Reproduce, exactly and only, the lines of the data that follows from the one containing "So once you" down to the one containing "Assalamualaikum, hello friends, how", without pictures.

[Records for this exercise Boundary: Start]

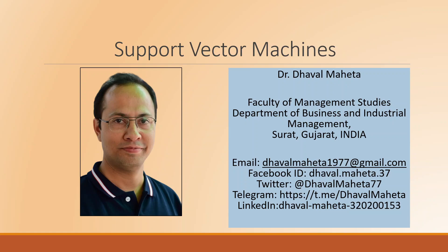Hello to all of you, this is Dr. Dawal Mehta and today we will try to understand how to carry out support vector machines in RapidMiner.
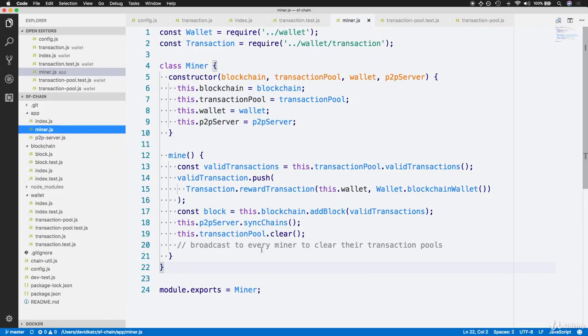The last step to completing the mine function within the miner class is adding a function which broadcasts to the peer-to-peer server that all miners should clear their transactions.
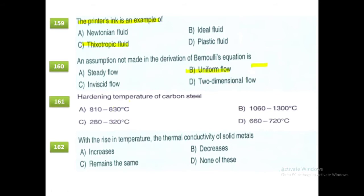The hardening temperature of carbon steel is 1300 degrees. With the rise in temperature, the thermal conductivity of solid metals decreases. Option B.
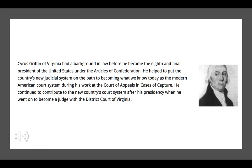Next, Cyrus Griffin of Virginia had a background in law. He put the country's new judicial system on a path to becoming what is now known as the American court system. So he had a significant contribution to our history, despite the fact that not a lot of us have heard of the man.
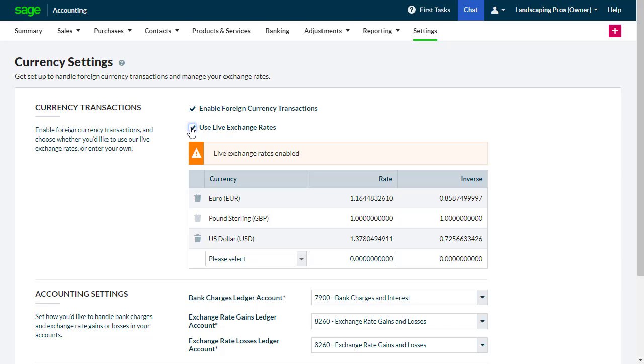If you choose to use live exchange rates, the latest rates appear when entering foreign currency transactions. The most up-to-date rate is used, not the exchange rate as of the date of the transaction. You can overwrite the exchange rate if required.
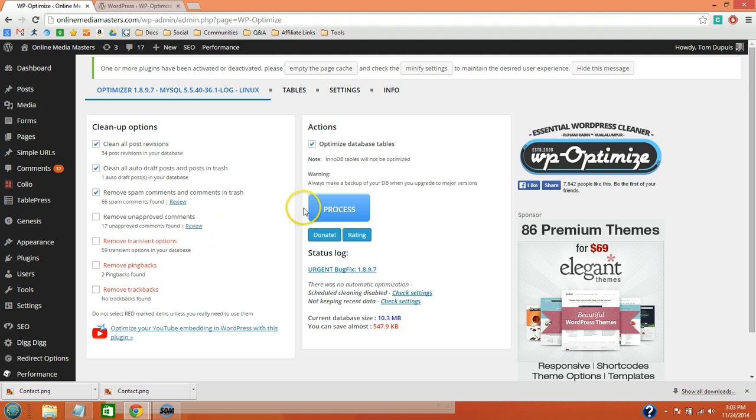So once you do, you can go ahead and process it, and it will take a few minutes to run.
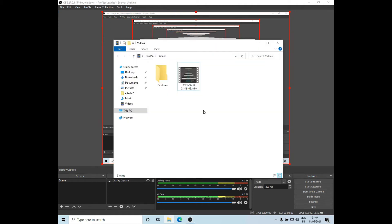So here it opens the folder where the recording has been saved. So this was all. Thank you for watching. Please do like and subscribe. Thank you.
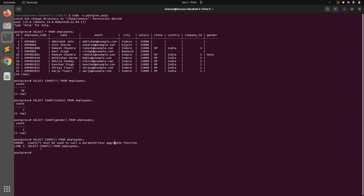Now let's try the MAX function. MAX returns the maximum value and accepts an attribute of any type — float, integer, or string. For integer or float it returns the maximum number; for string it performs lexical sorting. Let's get the maximum salary: SELECT MAX(salary) FROM employees. Running this returns 45,000, which is indeed the maximum salary in the employees table.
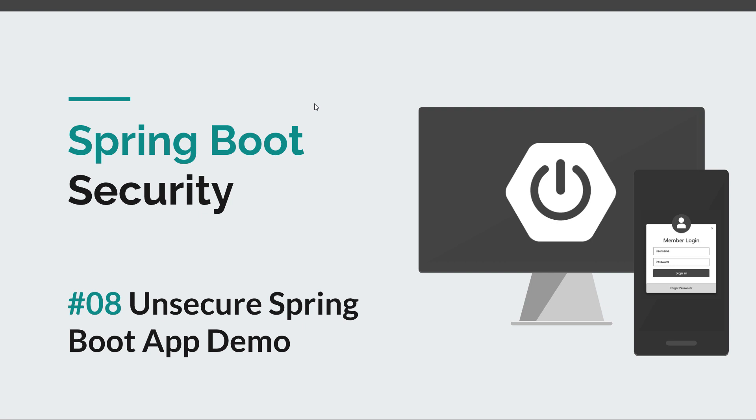I would like to remind you that all the source code is available on GitHub. More than that, I have created a couple of projects on GitHub. The first one is for the unsecured Spring Boot application that we're going to see in this episode, so that's a good starting point to follow the rest of these episodes.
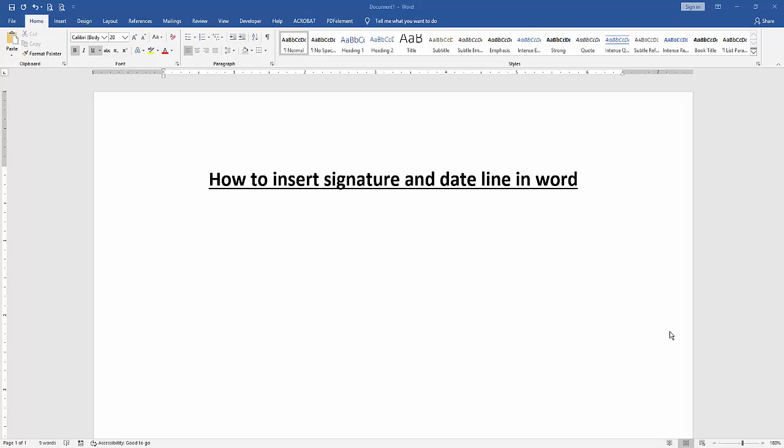Assalamualaikum, hello friends, how are you? Welcome back to another video. In this video, I'm going to show you how to insert signature and date line in Microsoft Word. Let's get started.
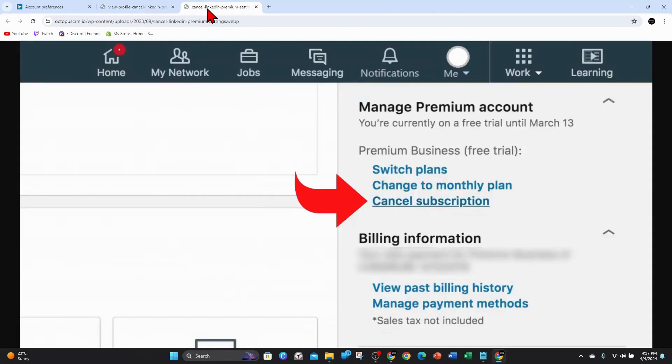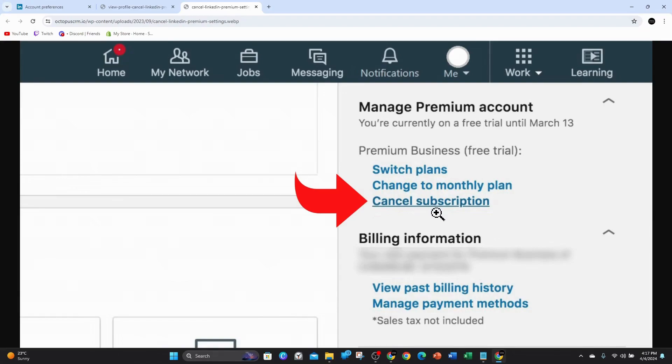And then after that, you'll be taken to another form where it says manage premium account and then go ahead and click on cancel subscription and then follow the prompts after that and that will cancel your LinkedIn premium subscription.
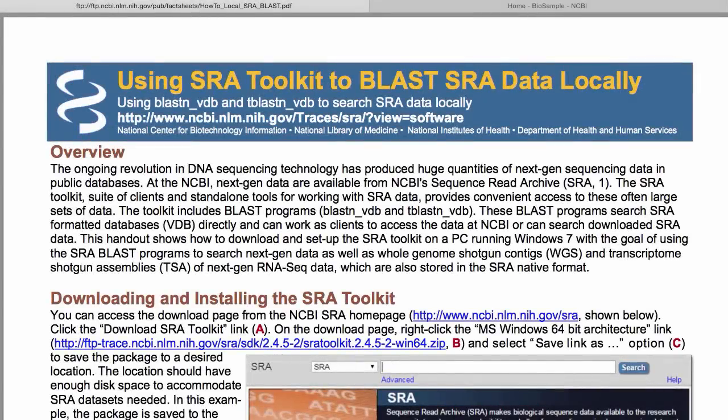This is Tom Madden again, and we'll be looking at running standalone BLAST against SRA runs. First, I'd like to mention that there are a lot of helpful fact sheets on the NCBI FTP site under pub/fact_sheets. Here we see the fact sheet about setting up local SRA BLAST. You'll find this one handy if you want to set up SRA BLAST on your own.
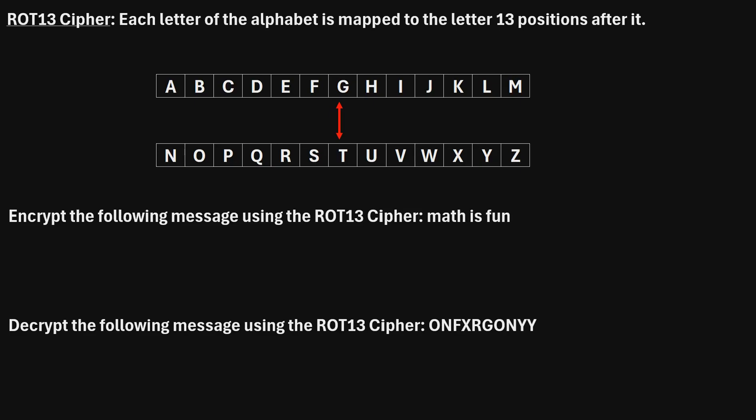In this video, I will explain how to encrypt and decrypt text using the ROT13 cipher. This cipher is pretty simple. Here's the idea behind it. Each letter of the alphabet is mapped to the letter 13 positions after it.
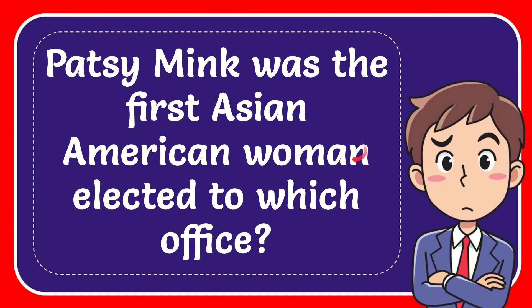In this video, I'm going to give you the answer to this question. The question is Patsy Mink was the first Asian American woman elected to which office?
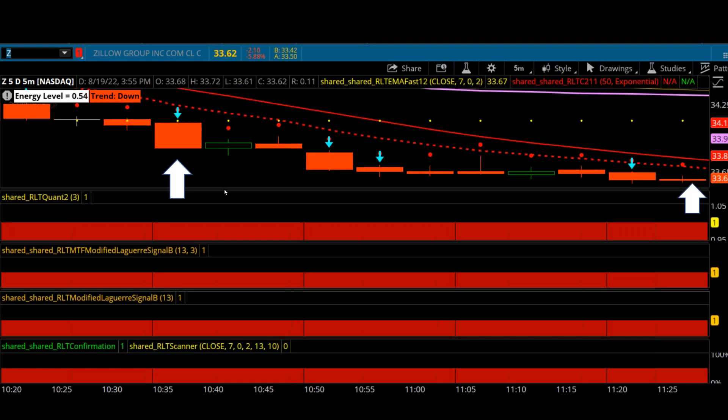I just wanted to share that with everybody. Hopefully you'll see how impressive this Compass System is and how it can help you trade. Have a great evening — that will be it till the next one. Have a great night.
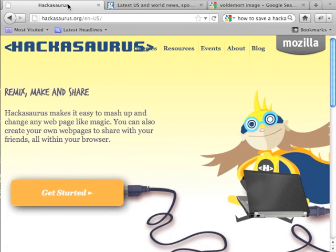Hackasaurus lets you look at the structure of a web page and remix it. It combines the notion of composition and the notion of construction by letting you see how something works and then change it.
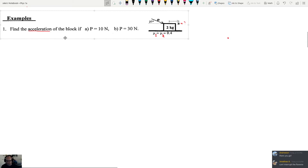This is the second hour of Physics 1A for March 22nd. We're going to use Newton's second law to solve some problems. This is the first one we're looking at.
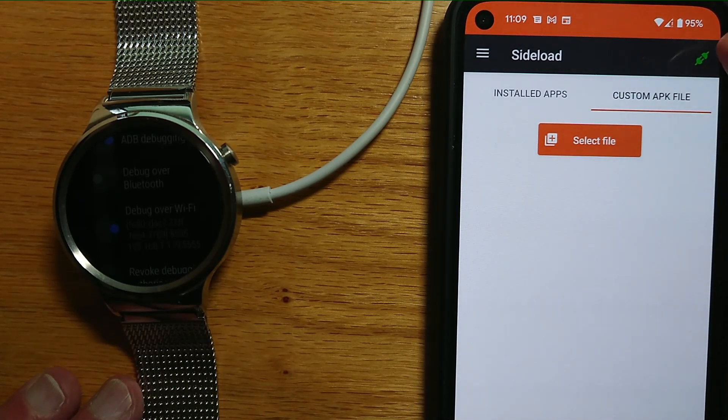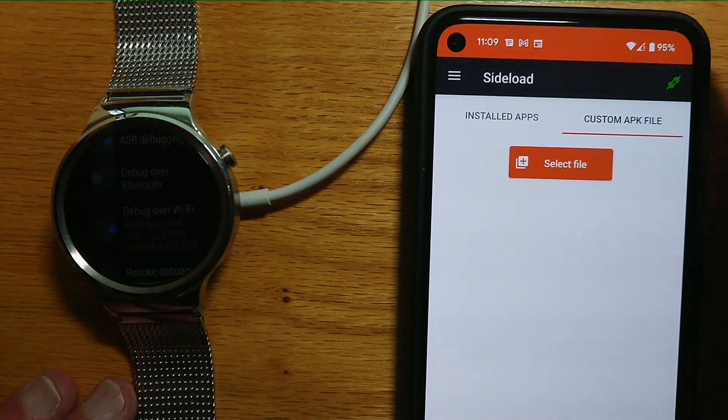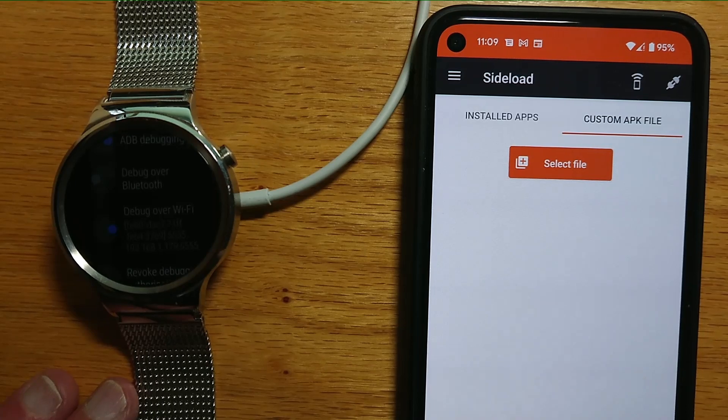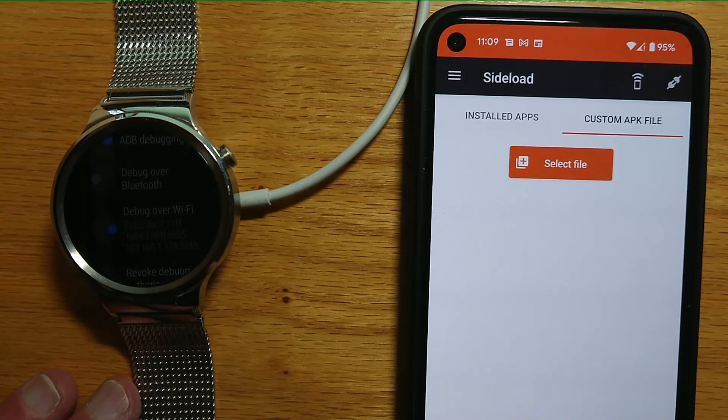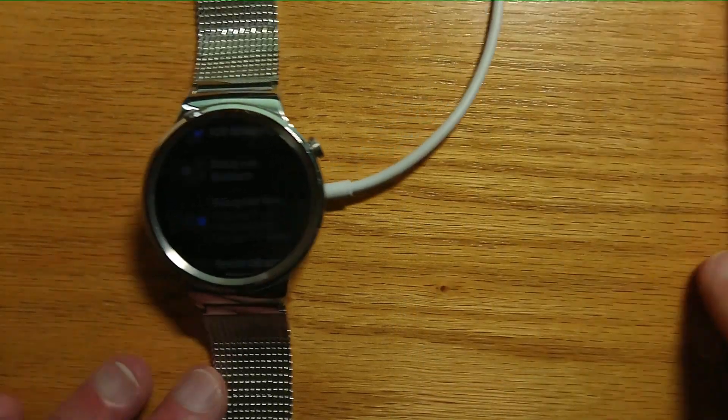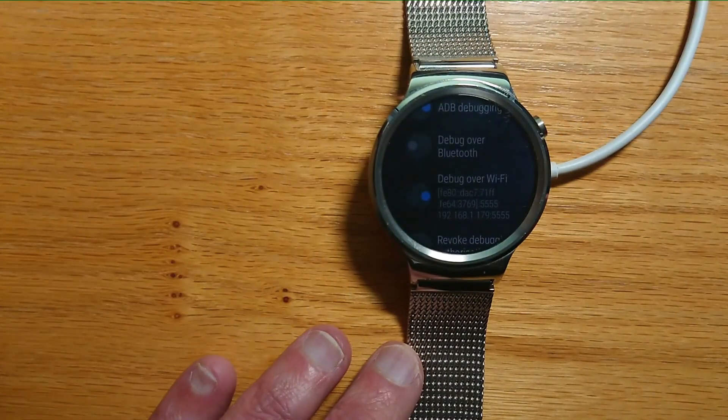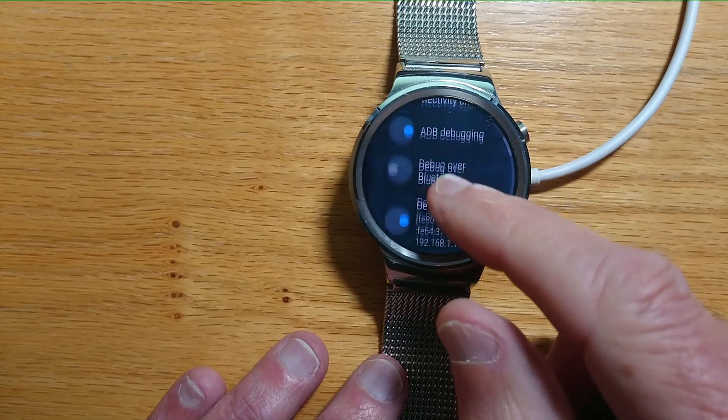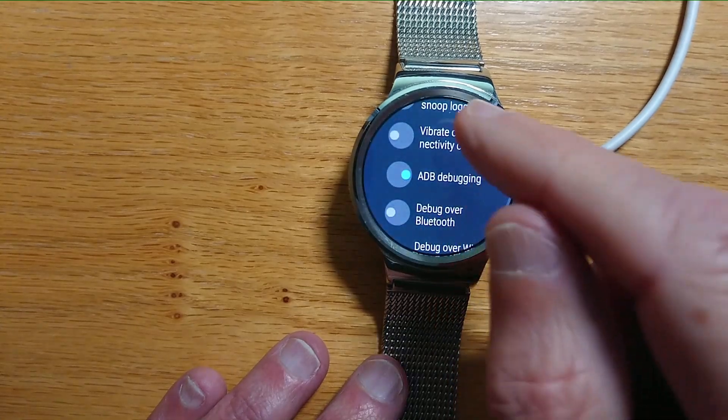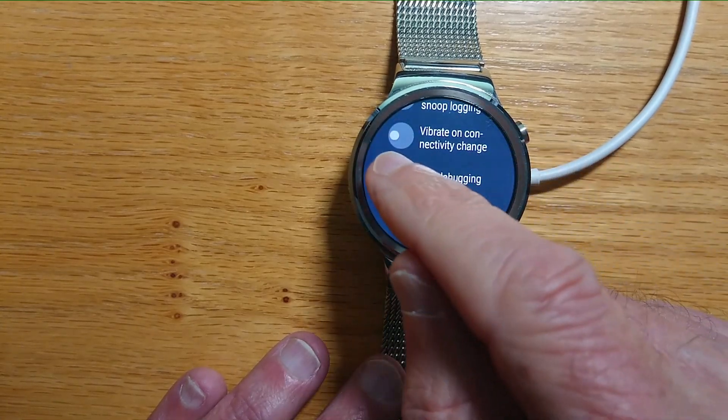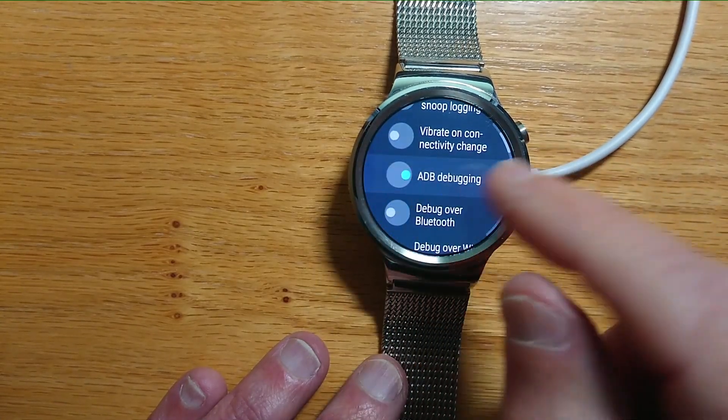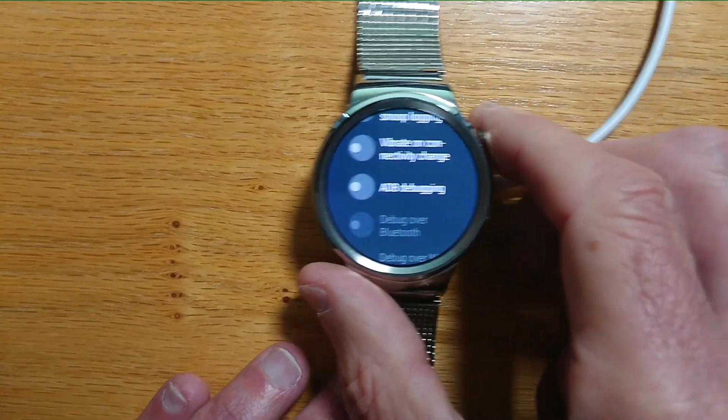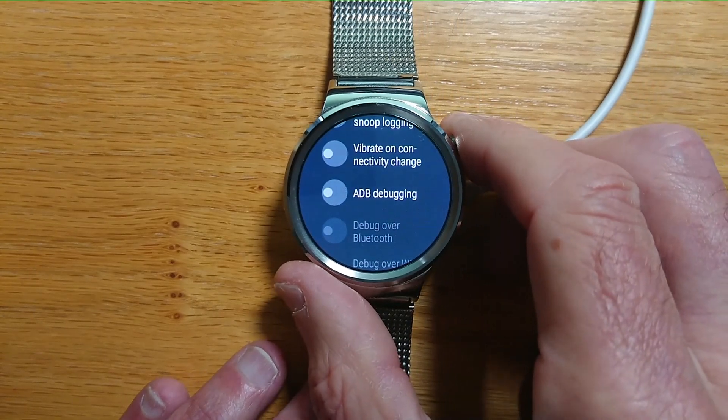So we can now disconnect and turn off ADB debugging on the watch so that we don't use too much battery when we don't need to.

[Records for this exercise Boundary: End]

* [Exercise answer]
So once you do, you can go ahead and process it, and it will take a few minutes to run.
So here it opens the folder where the recording has been saved. So this was all. Thank you for watching. Please do like and subscribe. Thank you.
Now let's try the MAX function. MAX returns the maximum value and accepts an attribute of any type — float, integer, or string. For integer or float it returns the maximum number; for string it performs lexical sorting. Let's get the maximum salary: SELECT MAX(salary) FROM employees. Running this returns 45,000, which is indeed the maximum salary in the employees table.
I would like to remind you that all the source code is available on GitHub. More than that, I have created a couple of projects on GitHub. The first one is for the unsecured Spring Boot application that we're going to see in this episode, so that's a good starting point to follow the rest of these episodes.
Assalamualaikum, hello friends, how are you? Welcome back to another video. In this video, I'm going to show you how to insert signature and date line in Microsoft Word. Let's get started.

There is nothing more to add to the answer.